# WHAT THE EXERCISE ASKS
Please give back every entry in full, word for word, but none of the pictures.

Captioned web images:
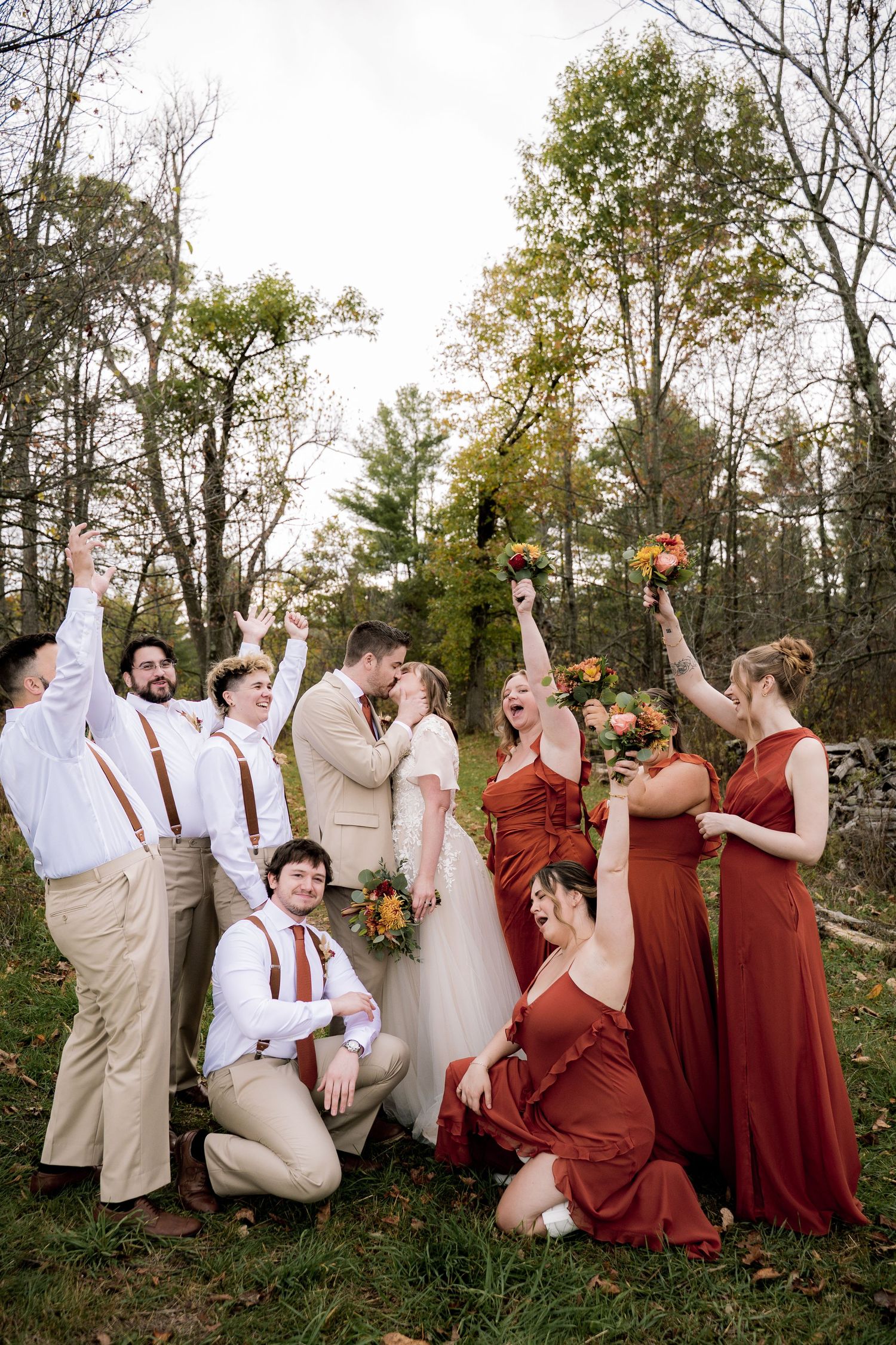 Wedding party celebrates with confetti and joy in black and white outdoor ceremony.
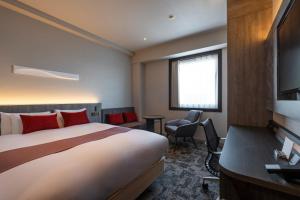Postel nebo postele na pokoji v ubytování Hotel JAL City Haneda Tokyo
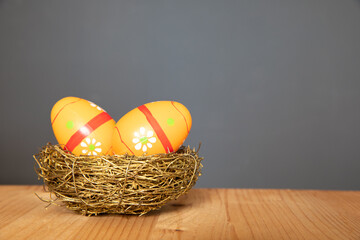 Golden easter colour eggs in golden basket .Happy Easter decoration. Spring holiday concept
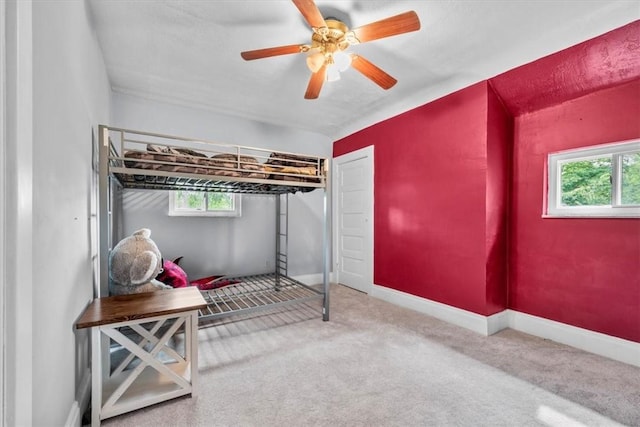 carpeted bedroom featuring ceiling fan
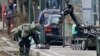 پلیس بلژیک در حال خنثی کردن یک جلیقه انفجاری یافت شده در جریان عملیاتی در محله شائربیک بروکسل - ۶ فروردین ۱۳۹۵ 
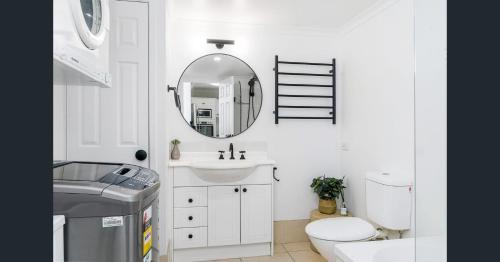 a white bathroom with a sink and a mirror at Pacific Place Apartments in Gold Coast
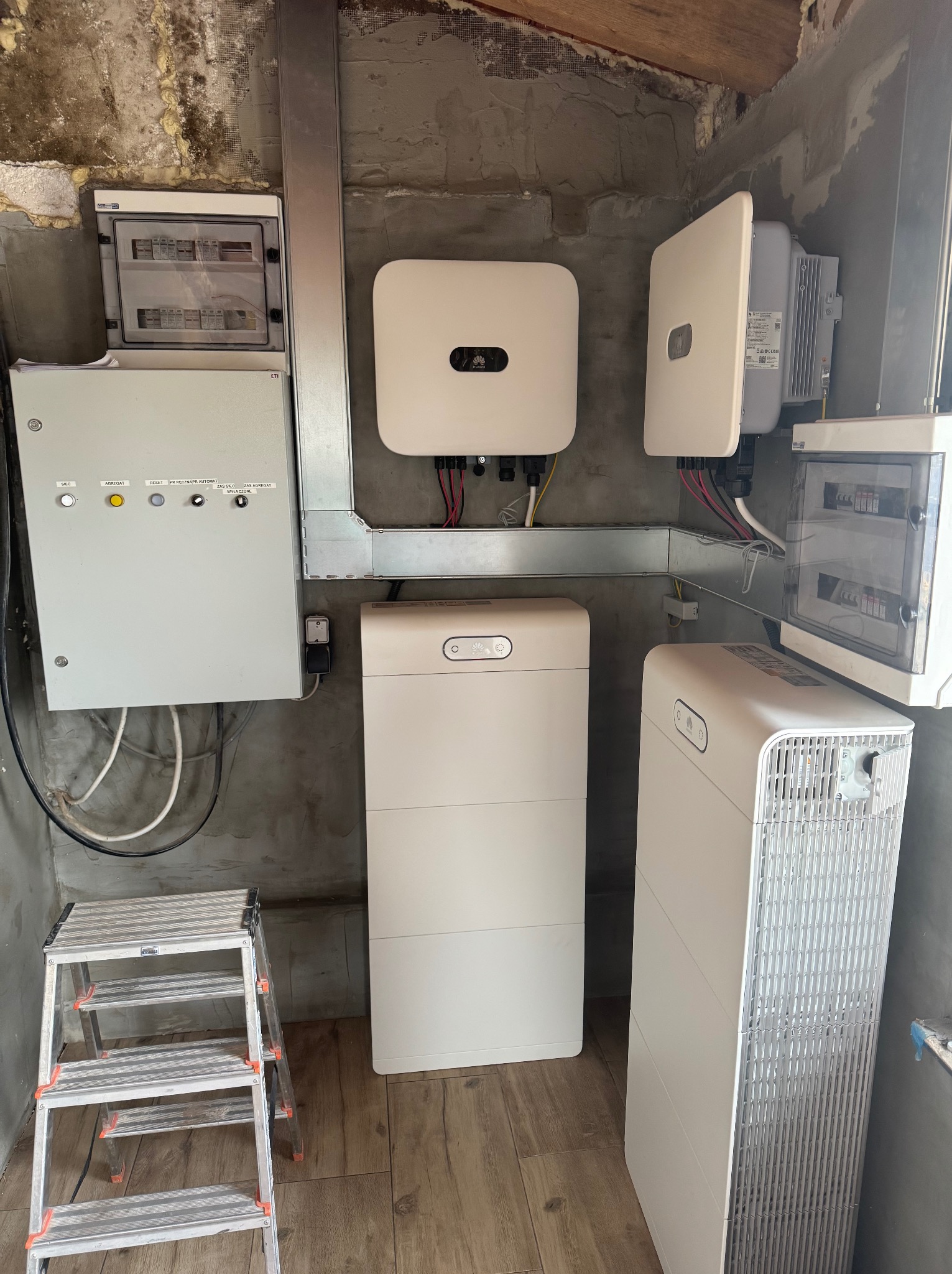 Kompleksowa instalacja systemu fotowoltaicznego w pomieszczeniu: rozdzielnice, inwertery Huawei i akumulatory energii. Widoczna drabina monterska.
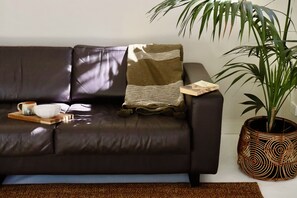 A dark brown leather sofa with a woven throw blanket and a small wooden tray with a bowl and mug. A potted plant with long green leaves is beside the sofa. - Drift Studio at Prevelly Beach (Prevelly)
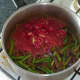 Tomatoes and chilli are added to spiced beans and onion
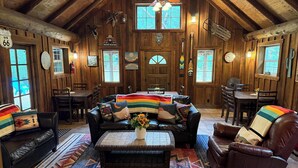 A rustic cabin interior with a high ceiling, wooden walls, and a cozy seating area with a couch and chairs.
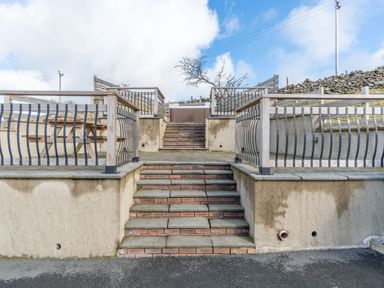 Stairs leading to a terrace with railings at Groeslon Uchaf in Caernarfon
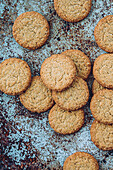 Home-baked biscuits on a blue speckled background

# EXERCISE OUTPUT
 Wedding party celebrates with confetti and joy in black and white outdoor ceremony.
Postel nebo postele na pokoji v ubytování Hotel JAL City Haneda Tokyo
 Golden easter colour eggs in golden basket .Happy Easter decoration. Spring holiday concept
 carpeted bedroom featuring ceiling fan
 پلیس بلژیک در حال خنثی کردن یک جلیقه انفجاری یافت شده در جریان عملیاتی در محله شائربیک بروکسل - ۶ فروردین ۱۳۹۵ 
 a white bathroom with a sink and a mirror at Pacific Place Apartments in Gold Coast
 Kompleksowa instalacja systemu fotowoltaicznego w pomieszczeniu: rozdzielnice, inwertery Huawei i akumulatory energii. Widoczna drabina monterska.
 A dark brown leather sofa with a woven throw blanket and a small wooden tray with a bowl and mug. A potted plant with long green leaves is beside the sofa. - Drift Studio at Prevelly Beach (Prevelly)
 Tomatoes and chilli are added to spiced beans and onion
 A rustic cabin interior with a high ceiling, wooden walls, and a cozy seating area with a couch and chairs.
 Stairs leading to a terrace with railings at Groeslon Uchaf in Caernarfon
 Home-baked biscuits on a blue speckled background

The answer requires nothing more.